I don’t think it’s a stretch to say that the comfort and connection many transgender people found in Harry Potter literally saved lives. That’s why your dismissive tweet, no matter how you attempted to soften it, hurt so badly.
For me personally, it undercuts one of the defining decisions of my life. Not without a little influence from the example set by Harry and his friends, I became a champion for LGBTQ equality in 2012, just after your books and the movies based off of them concluded. I am neither gay nor transgender, but just as Neville Longbottom stood against Lord Voldemort, I needed to stand with people who needed my voice.
I like to think that my choice and contribution helped instill even a nominal amount of courage in transgender advocates like the 12-year-old transgender girl who recently helped make my state’s laws more humane for her community.

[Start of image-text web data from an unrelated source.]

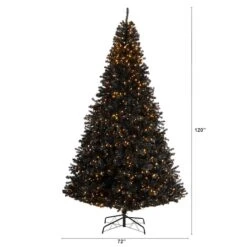 10ft. Pre-Lit Black Artificial Christmas Tree, Clear LED Lights 15 10ft. Pre-Lit Black Artificial Christmas Tree, Clear LED Lights -Northlight Shop D478859S 2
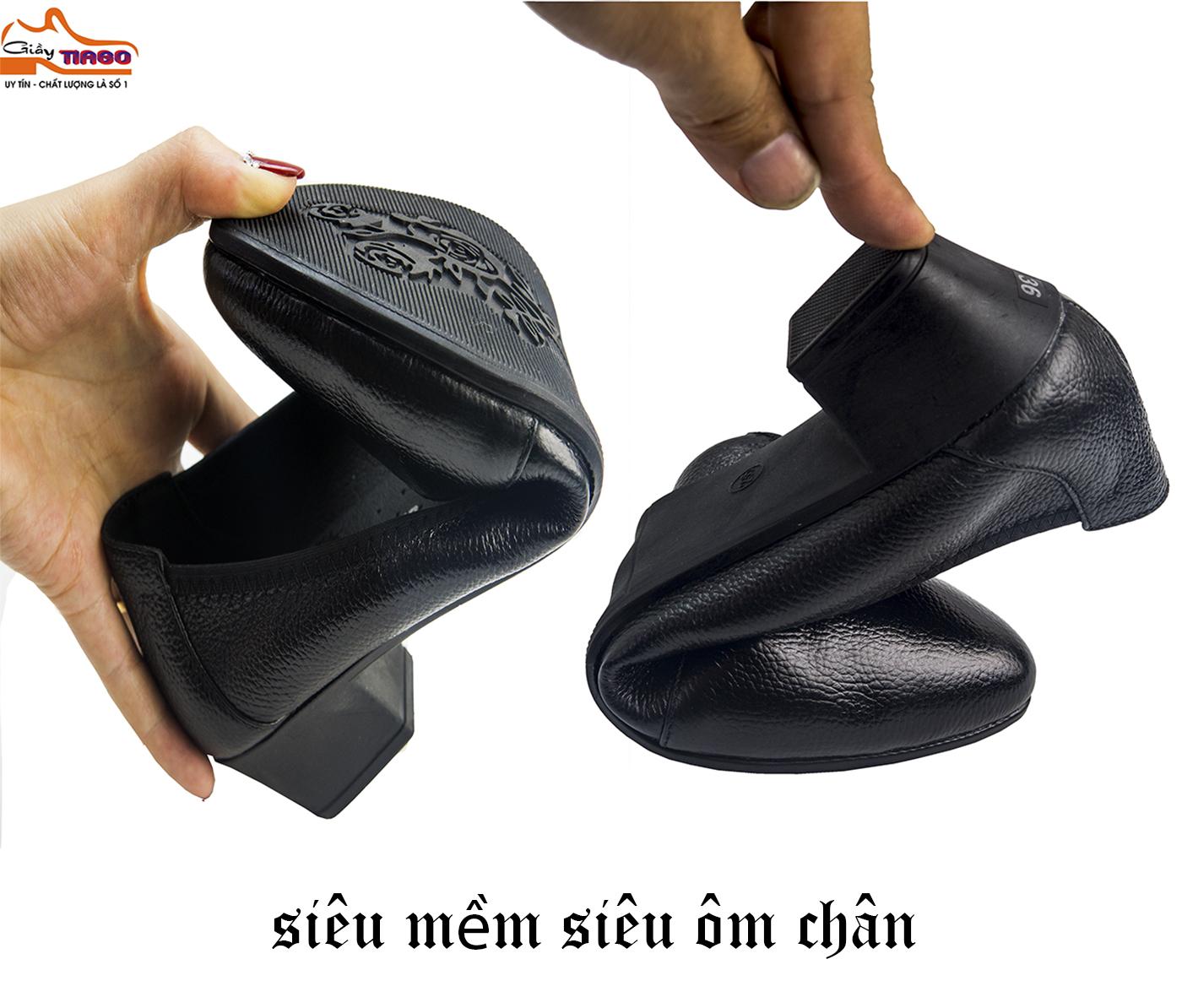 giày nữ công sở da bò 4cm  4PTA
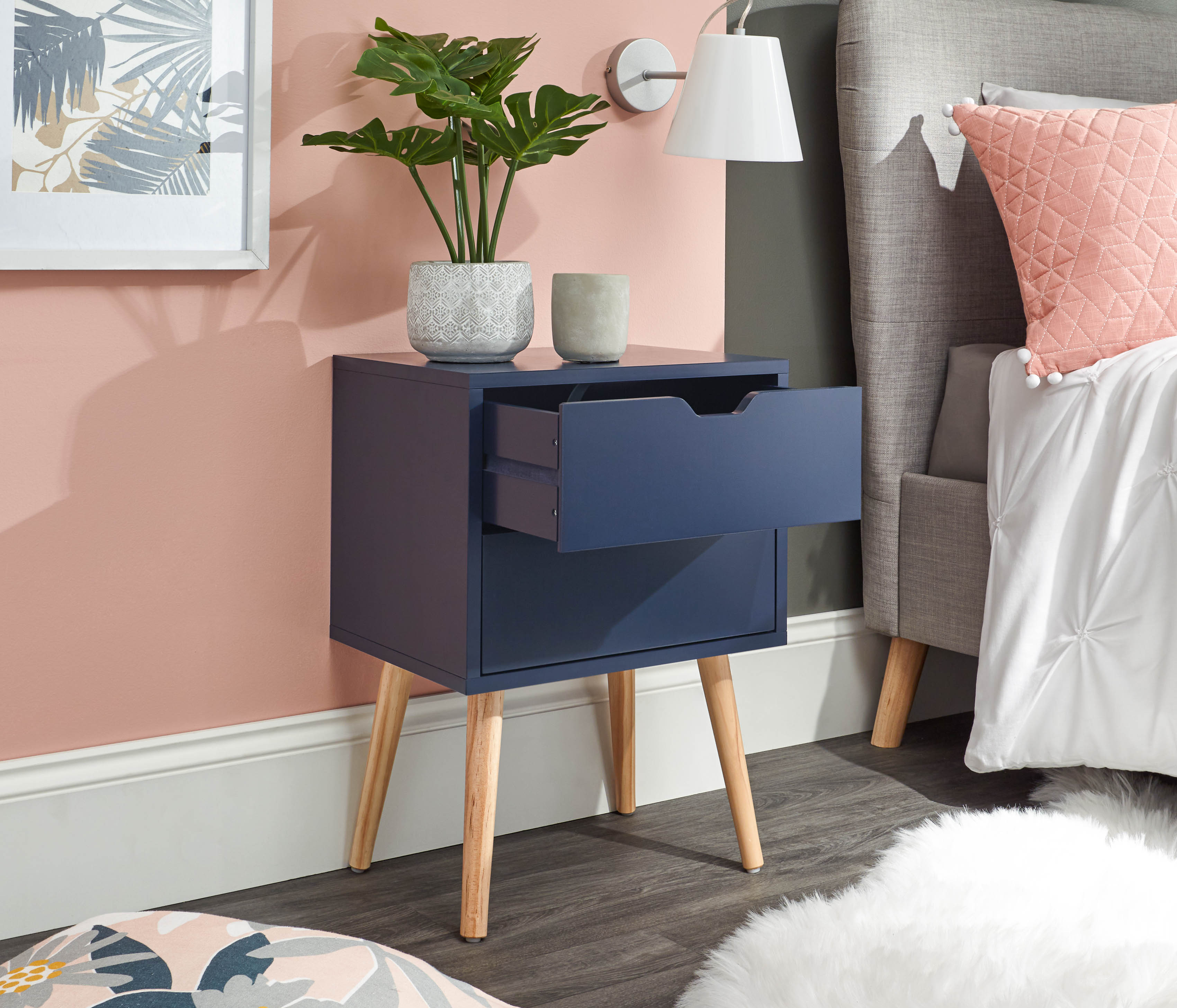 GFW Bedside Table Nyborg Single 2 Drawer Bedside Nightshadow Blue Bed Kings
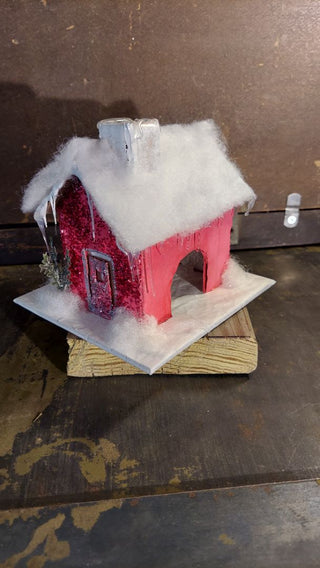 Little Red Christmas Cottage putz house - Christmas Village (As-Is)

I understand that your support for Maya Forester likely evolved from your support for women’s equality, but that support doesn’t need to come at an exclusionary cost. In fact, that position undermines your goals. As one of my country’s great orators once wrote from a jail cell, “Injustice anywhere is a threat to justice everywhere.”
I hope that earnest pleas like mine, to educate yourself more and understand the flaw in your logic, find their way through the angry, scathing criticism currently aimed at you. After all, not even Harry Potter was infallible, but he had friends to help correct his course when he made a mistake.
I will continue to cherish Harry Potter, the lessons I learned from him, and you as well for introducing it all to me. But in this instance, I must stand up against you and with the transgender community, until the very end.